Note I don't expect tromp's Cuckoo hash to be GPU resistant, because it can be (even if sublinear) parallelized. I don't know if anyone has tested parallelizing it on more than the two dozen cores he tested?
I tested it for him on 32 cores. I don't know the results you would have to ask him (I just ran some code he gave me on an idle system).
I summarized the results in my private response on May 1, reproduced below.
Note that the version you tested is the older one that didn't include edge trimming.
From all my benchmarking, I notice that AMD opteron servers, as well as Intel Xeon
servers with quad and octa cpus, appear to saturate memory at under 32 threads.
Dual-cpu Xeons appear to have a superior (at least for Cuckoo Cycle) memory subsystem,
that allows them to perform well beyond 32 threads.
----------------------------------------------------------------------------
Thanks, smooth!
As I feared, Xeons perform much worse in octa-cpu configuration
than in dual-cpu.
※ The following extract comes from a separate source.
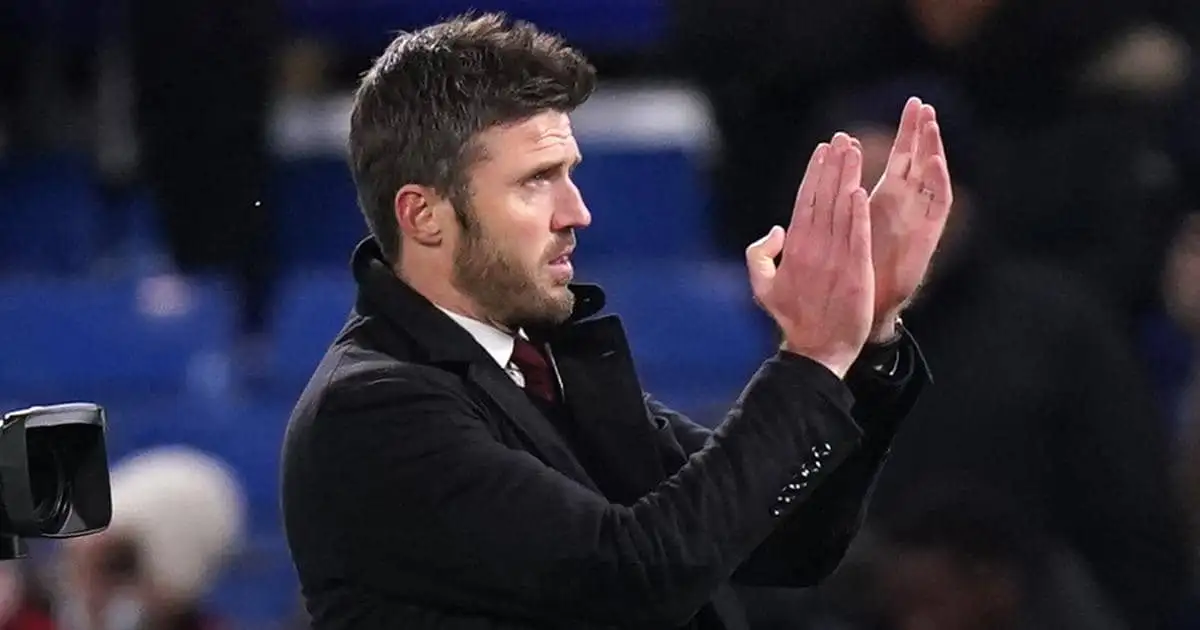 Michael Carrick clapping after a Man Utd game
The speedup flattens out at about 16 threads.
If you run the speedup test on one of your dual-Xeon systems
with 16+ (hyper)threads, you'll see performance scaling much
better and presumably not flattening out,
like the green speedup30 curve in my paper at page 6 bottom left.
My favourite test target would be a system with dual
Xeon Ey-28(70/80/90) that can run 60 hyperthreads...
-John